Deze beslissing, die verzoeker tot de conclusie deed komen dat de politierechter de schijn van partijdigheid jegens hem heeft gewekt is volgens de wrakingskamer een ordemaatregel en daarmee een procedurele beslissing. Een procedurele beslissing kan geen grond vormen voor wraking: wraking is geen verkapt rechtsmiddel. Het gerecht dat over het wrakingsverzoek moet oordelen (de wrakingskamer) komt geen oordeel toe over de juistheid van een procedurele beslissing. Dat oordeel is voorbehouden aan de rechter die in geval van de aanwending van een rechtsmiddel belast is met de behandeling van de zaak. Hieruit volgt dat het wrakingsverzoek, dat is gebaseerd op de hiervoor genoemde procedurele beslissing, niet toewijsbaar is. Dit is alleen anders indien de motivering van een procedurele beslissing in het licht van alle omstandigheden van het geval en naar objectieve maatstaven gemeten - bijvoorbeeld door de in de motivering gebezigde bewoordingen - niet anders kan worden verstaan dan als blijk van vooringenomenheid van de rechter die haar heeft gegeven (HR 25 september 2018, ECLI:NL:HR:2018:1413). Uit jurisprudentie van de Hoge Raad volgt onmiskenbaar dat het om een uitzonderlijk geval moet gaan.
3.4.
Van een dergelijk uitzonderlijk geval is hier naar het oordeel van de wrakingskamer geen sprake. Verzoeker heeft geen feiten of omstandigheden gesteld, en die zijn ook niet gebleken, waaruit volgt dat de genoemde uitzonderingssituatie zich in dit geval voordoet. De wrakingskamer overweegt daarbij, dat door de politierechter rekening is gehouden met de omstandigheid dat verzoeker het dossier enkel via zijn telefoon kon inzien, door mede te delen dat de zaak op dat moment niet inhoudelijk behandeld werd en dat verzoeker met zijn advocaat die naast hem zat kon overleggen of met haar iets in het dossier kon opzoeken indien hij dat nodig vond.
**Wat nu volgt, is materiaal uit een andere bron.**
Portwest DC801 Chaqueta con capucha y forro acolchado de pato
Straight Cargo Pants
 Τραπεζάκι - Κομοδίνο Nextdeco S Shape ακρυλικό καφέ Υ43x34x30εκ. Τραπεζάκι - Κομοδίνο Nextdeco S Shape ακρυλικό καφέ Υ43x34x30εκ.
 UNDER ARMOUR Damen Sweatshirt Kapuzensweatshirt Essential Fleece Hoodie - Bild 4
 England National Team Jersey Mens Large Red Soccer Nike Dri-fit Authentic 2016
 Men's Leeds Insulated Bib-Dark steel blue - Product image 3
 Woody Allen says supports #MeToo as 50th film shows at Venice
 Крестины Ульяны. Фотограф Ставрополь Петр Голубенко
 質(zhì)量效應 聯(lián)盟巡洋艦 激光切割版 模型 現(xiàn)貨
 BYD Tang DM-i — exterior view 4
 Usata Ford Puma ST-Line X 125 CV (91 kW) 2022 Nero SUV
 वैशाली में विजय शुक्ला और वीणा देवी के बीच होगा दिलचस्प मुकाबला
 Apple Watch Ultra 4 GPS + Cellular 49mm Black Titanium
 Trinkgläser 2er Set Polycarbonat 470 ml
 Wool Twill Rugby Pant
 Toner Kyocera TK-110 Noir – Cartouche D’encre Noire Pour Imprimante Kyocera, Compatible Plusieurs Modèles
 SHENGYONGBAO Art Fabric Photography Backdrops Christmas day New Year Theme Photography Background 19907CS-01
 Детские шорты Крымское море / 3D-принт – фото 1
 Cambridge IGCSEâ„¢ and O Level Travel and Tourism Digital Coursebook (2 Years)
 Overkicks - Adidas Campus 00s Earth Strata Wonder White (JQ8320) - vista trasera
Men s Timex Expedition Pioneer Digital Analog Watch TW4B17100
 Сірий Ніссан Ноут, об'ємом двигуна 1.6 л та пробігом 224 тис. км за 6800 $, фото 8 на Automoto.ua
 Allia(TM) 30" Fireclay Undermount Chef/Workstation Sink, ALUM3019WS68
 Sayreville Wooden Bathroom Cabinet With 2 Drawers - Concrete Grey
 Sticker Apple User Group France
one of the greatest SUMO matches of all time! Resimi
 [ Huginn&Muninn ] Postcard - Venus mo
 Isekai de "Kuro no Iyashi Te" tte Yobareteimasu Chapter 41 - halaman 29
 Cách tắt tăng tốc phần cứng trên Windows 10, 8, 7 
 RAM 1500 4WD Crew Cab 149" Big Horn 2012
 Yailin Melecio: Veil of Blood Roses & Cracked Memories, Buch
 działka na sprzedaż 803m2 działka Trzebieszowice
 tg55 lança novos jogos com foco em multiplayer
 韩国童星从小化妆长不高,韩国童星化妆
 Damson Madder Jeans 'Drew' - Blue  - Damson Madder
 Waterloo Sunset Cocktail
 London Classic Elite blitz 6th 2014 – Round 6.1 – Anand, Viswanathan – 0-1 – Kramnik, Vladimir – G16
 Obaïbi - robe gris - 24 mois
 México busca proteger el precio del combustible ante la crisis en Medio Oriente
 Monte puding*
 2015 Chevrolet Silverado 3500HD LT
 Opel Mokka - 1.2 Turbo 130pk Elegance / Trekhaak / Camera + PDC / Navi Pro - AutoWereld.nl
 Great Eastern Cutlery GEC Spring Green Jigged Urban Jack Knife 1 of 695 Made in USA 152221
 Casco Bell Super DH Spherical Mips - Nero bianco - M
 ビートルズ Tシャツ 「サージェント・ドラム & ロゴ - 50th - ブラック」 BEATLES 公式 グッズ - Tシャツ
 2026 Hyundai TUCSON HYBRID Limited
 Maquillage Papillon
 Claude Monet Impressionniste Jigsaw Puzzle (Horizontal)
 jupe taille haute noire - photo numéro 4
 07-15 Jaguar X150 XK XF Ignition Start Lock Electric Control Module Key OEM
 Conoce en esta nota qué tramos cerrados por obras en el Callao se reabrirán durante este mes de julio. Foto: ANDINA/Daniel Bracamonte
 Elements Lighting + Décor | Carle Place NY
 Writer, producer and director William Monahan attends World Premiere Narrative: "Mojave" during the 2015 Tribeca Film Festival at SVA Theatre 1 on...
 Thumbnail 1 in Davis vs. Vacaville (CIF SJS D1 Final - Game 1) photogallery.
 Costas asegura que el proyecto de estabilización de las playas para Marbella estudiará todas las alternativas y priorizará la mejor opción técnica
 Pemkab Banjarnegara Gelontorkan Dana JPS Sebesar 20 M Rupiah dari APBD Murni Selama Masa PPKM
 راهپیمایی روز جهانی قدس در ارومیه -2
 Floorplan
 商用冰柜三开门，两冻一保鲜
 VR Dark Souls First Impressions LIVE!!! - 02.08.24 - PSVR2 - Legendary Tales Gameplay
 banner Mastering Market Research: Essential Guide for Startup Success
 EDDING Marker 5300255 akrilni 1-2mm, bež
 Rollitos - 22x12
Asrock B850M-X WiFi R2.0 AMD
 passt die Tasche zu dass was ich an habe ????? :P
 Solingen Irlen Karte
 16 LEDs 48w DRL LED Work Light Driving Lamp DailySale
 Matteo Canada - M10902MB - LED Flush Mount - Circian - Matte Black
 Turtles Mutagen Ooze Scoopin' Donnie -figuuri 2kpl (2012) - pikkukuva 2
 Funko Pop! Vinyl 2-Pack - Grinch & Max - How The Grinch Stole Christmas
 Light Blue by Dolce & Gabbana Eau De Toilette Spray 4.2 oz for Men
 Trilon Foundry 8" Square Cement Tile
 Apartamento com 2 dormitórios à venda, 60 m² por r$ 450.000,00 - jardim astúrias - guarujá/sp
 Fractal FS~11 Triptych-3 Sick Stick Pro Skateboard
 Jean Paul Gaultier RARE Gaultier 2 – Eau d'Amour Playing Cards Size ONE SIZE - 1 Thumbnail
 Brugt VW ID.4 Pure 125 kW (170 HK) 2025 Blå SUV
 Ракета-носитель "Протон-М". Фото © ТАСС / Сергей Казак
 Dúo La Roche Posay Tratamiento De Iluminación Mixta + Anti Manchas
Enig aanknopingspunt dat die beslissing niet anders dan als blijk van vooringenomenheid van de politierechter kan worden opgevat, is er daarom niet.
3.5.
De wrakingskamer is gelet op bovenstaande van oordeel dat de door verzoeker aangevoerde gronden geen aanwijzingen van vooringenomenheid of (objectief gerechtvaardigde) schijn van partijdigheid van de politierechter jegens verzoeker opleveren. Daarom wordt het verzoek tot wraking afgewezen.

4.De beslissing

De wrakingskamer:
4.1.
wijst het verzoek tot wraking af;
4.2.
bepaalt dat het proces in de hoofdzaak wordt voortgezet in de stand waarin het zich bevond ten tijde van het indienen van het wrakingsverzoek;
4.3.
beveelt dat (een afschrift van) deze beslissing met inachtneming van het bepaalde bij artikel 515, derde lid, van het Wetboek van Strafvordering wordt toegezonden aan:
• de verzoeker p/a zijn raadsvrouw mr. T.V. Seedorf;
• de officier van justitie;
• de politierechter.
Deze beslissing is gegeven door mrs. S.W.E. de Ruiter, C.M. van der Kleijn en S.M. Westerhuis-Evers in tegenwoordigheid van de griffier mr. N. Roelands en in het openbaar uitgesproken op 4 april 2022.
de griffier de voorzitter
Tegen deze beslissing staat geen rechtsmiddel open.